Фредди фыркнул и перевернул две страницы сразу. Какое-то время оба молчали. Из сада доносился тихий, нескончаемый разговор.
— Я, собственно, почему дергаюсь? — Фредди нервно сглотнул. — Дело в том, что я, кажется, дал маху в этом разговоре с Сесилом, получилось некрасиво.
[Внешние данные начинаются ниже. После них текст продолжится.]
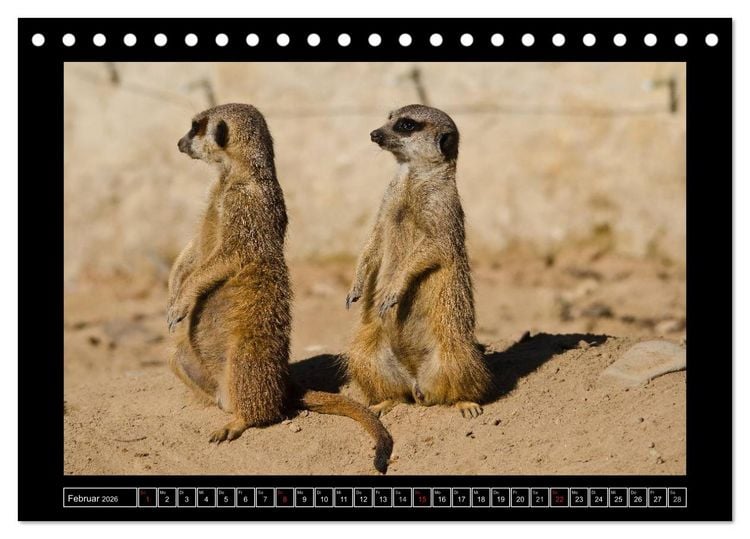 Produktbild: Dresdner Zootiere 2026 (Tischkalender 2026 DIN A5 quer), CALVENDO Monatskalender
Ему, конечно, не понравился мой ответ, но он решил, что я просто спятил от радости. Вот и выложил открытым текстом: разве от этого не выиграют и Люси, и Уинди Корнер в целом? Я должен был подтвердить, что он делает нам одолжение.
— Надеюсь, ты ответил обтекаемо, дорогой?
— Я сказал: нет! — процедил Фредди сквозь зубы. — Испортил ему обедню. А нечего приставать. Сам напросился.
— Ну и глупо! — упрекнула его мать. — Ты думаешь, ты такой честный, такой бескомпромиссный? Нет, это одно лишь твое раздутое самомнение. Неужели такой человек, как Сесил, станет придавать значение словам мальчишки? Надеюсь, он дал тебе затрещину? Как можно в таких случаях говорить «нет»!
— Успокойся, мама. Я сказал нет, потому что не мог сказать да. И тотчас захихикал, как бы давая понять, что шучу. Он тоже засмеялся и ушел. Так что, наверное, все не так уж страшно. Просто у меня остался неприятный осадок — будто я во что-то вляпался. В общем, успокойся, и давай займемся делами.
— Нет, — сказала миссис Ханичерч с видом человека, который все обдумал и пришел к определенному выводу. — Я не успокоюсь. Ты знаешь, как сложно у них развивались отношения в Риме, знаешь, что он специально приехал... — и нарочно делаешь все, чтобы его отвадить.
— Да нет же! — взмолился Фредди. — Я просто дал понять, что не в восторге от него. Плохо только, что он расскажет Люси.